A "Race" to stopping Affirmative Action By Joshua Raj

Affirmative Action, created during the civil rights era in 1960, know as, "an action or policy favoring those who tend to suffer from discrimination, especially in relation to employment or education" should ultimately be diminished in the presence of the college application process for students and the hiring of potential employees for a job. When selecting a prospective college student or an employee, the race the person embodies should not be taken into consideration. Furthermore, every candidate should be treated and evaluated on the same level depending on their desirable qualifications for the spot, rather than their race.

Blacks are significantly proven to have a harder time getting into a university because of their lower test scores and income, making the reason they get denied from the university be a blurred and unclear mix between their race and test scores/income. Because of the substantial gap between the average grades and income of a white and a black human, many people argue that affirmative action should be in place to help the less privileged have an equal and fair opportunity at the same life a white person is granted. I do not believe this to be the case. When one is applying to a company or school, their acceptance should nearly be granted on their noticeable, positive attributes. If someone does not have the qualifications to be admitted to the job or school, they should not be accepted. This is applicable to all humans, meaning that if someone, white or black, does not meet the requirements or standards the company or school is looking for, they simply should not be accepted or hired. Blacks should not be given an unfair advantage of pity, leading to the bending of rules. Everyone should be reviewed on the same level, as equal humans.

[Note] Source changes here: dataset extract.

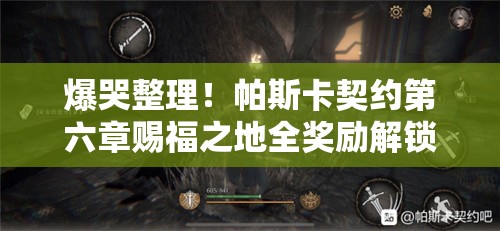 爆哭整理！帕斯卡契約第六章賜福之地全獎勵解鎖攻略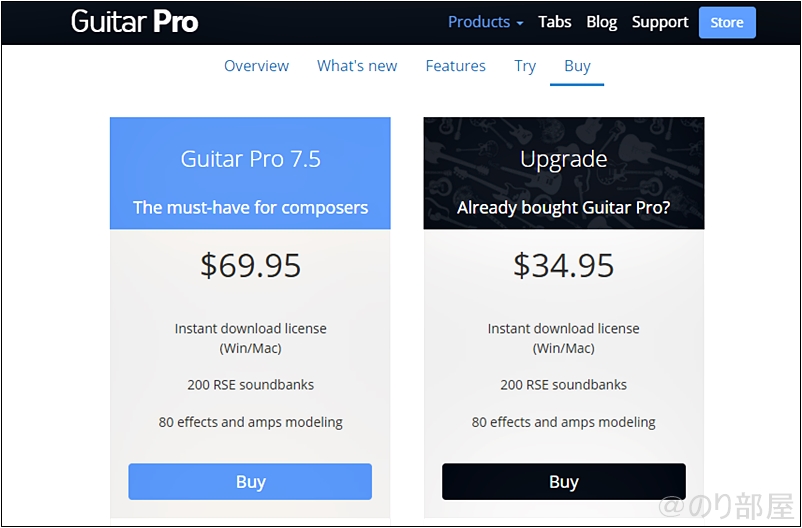 Guitar Proを安く買うために公式HPの英語サイトから購入する (7418円！)【ギタープロ･TAB譜】Guitar Pro(最新版)を安く買う方法！ギターのTAB譜･タブ譜や楽譜スコア編集ソフトとしてオススメ！【ギタープロのセール情報】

Lastly, to drive my point home, I want to share an example of an unfair situation that happened at the University of Texas. Abigail Fisher, a white student applying to the University of Texas, was very frustrated with the results of the rejection letter she received, which ultimately lead her suing the university. She felt as if she was more than qualified for the seat at the university, and felt that Affirmative Action was the reason why she had been rejected, having the university accept under qualified black students to be racially fair to all. The law suit ended in the university's favor, but all this confusions and racial tensions would be diminished if affirmative action was eliminated.

To all college admissions ambassadors and employees looking to hire others, I would kindly like you to ask to take my argument into consideration, as everyone should be treated equally and reviewed on the same level. Whether someone's skin color is white or black, no one should have an upper hand at gaining a spot, but rather their qualifications should be the deciding factor.